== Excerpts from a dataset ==

+===+

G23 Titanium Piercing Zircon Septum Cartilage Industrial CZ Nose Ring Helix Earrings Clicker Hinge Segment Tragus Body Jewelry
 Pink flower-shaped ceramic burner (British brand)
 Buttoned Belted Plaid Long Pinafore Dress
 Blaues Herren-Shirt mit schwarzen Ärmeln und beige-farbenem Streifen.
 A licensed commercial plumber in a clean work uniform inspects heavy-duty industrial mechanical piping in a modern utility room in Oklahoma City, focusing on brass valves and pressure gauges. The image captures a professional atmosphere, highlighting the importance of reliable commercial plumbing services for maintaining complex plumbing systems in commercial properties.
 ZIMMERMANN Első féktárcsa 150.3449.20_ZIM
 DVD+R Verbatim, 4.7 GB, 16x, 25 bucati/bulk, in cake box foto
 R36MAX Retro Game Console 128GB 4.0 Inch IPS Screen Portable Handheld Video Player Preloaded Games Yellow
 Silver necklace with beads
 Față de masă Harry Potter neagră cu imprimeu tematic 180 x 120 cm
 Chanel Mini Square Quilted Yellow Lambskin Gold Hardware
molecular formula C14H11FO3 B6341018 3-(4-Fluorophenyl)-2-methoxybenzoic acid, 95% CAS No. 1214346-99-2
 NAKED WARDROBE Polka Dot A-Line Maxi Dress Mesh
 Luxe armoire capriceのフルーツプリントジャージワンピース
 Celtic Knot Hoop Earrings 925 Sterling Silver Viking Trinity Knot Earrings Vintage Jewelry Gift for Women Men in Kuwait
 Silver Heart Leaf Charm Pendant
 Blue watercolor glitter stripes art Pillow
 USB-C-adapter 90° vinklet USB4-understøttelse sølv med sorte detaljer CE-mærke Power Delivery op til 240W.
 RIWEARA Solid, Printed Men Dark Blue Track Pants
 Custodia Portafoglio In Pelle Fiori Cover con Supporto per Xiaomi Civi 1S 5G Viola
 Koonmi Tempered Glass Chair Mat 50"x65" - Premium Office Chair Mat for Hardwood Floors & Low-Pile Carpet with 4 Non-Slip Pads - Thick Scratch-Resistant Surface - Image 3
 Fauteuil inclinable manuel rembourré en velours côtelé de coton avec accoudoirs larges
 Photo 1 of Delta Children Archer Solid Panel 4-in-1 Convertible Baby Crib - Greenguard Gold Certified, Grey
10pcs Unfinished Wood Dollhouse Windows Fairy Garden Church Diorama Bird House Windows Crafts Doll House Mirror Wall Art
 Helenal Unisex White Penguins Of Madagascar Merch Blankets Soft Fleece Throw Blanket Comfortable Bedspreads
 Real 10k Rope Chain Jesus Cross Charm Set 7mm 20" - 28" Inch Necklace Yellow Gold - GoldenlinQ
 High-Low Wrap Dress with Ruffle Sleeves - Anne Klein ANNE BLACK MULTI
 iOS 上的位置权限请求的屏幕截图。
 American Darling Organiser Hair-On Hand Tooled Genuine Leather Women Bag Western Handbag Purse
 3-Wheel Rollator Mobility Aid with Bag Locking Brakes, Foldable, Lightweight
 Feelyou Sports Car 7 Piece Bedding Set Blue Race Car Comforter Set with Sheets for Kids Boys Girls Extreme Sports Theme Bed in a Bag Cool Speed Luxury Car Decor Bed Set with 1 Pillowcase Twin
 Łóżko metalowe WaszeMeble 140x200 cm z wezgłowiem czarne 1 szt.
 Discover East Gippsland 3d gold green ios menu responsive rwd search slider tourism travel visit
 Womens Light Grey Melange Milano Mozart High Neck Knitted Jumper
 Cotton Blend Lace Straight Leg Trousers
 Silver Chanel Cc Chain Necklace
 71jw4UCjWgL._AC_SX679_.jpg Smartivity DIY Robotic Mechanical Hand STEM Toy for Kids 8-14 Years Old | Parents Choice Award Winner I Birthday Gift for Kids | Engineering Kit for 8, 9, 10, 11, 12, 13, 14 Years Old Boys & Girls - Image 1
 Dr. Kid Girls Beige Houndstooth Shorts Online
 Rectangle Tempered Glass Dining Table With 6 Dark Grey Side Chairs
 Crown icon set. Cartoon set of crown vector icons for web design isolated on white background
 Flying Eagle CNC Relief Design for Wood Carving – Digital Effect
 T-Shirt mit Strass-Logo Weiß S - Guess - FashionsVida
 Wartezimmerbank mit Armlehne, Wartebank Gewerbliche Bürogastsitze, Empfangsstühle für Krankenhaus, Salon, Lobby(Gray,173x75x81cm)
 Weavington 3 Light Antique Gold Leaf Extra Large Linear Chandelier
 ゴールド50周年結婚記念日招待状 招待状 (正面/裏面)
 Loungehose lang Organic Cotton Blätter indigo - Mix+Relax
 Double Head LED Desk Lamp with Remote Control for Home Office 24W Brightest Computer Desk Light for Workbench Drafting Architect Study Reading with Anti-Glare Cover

+===+

== EXERCISE BRIEF ==
Look above for the line with "Helenal Unisex White" and the line with "3-Wheel Rollator Mobility". Retype those two lines and every line between them exactly, adding nothing.

== COMPLETED EXERCISE ==
 Helenal Unisex White Penguins Of Madagascar Merch Blankets Soft Fleece Throw Blanket Comfortable Bedspreads
 Real 10k Rope Chain Jesus Cross Charm Set 7mm 20" - 28" Inch Necklace Yellow Gold - GoldenlinQ
 High-Low Wrap Dress with Ruffle Sleeves - Anne Klein ANNE BLACK MULTI
 iOS 上的位置权限请求的屏幕截图。
 American Darling Organiser Hair-On Hand Tooled Genuine Leather Women Bag Western Handbag Purse
 3-Wheel Rollator Mobility Aid with Bag Locking Brakes, Foldable, Lightweight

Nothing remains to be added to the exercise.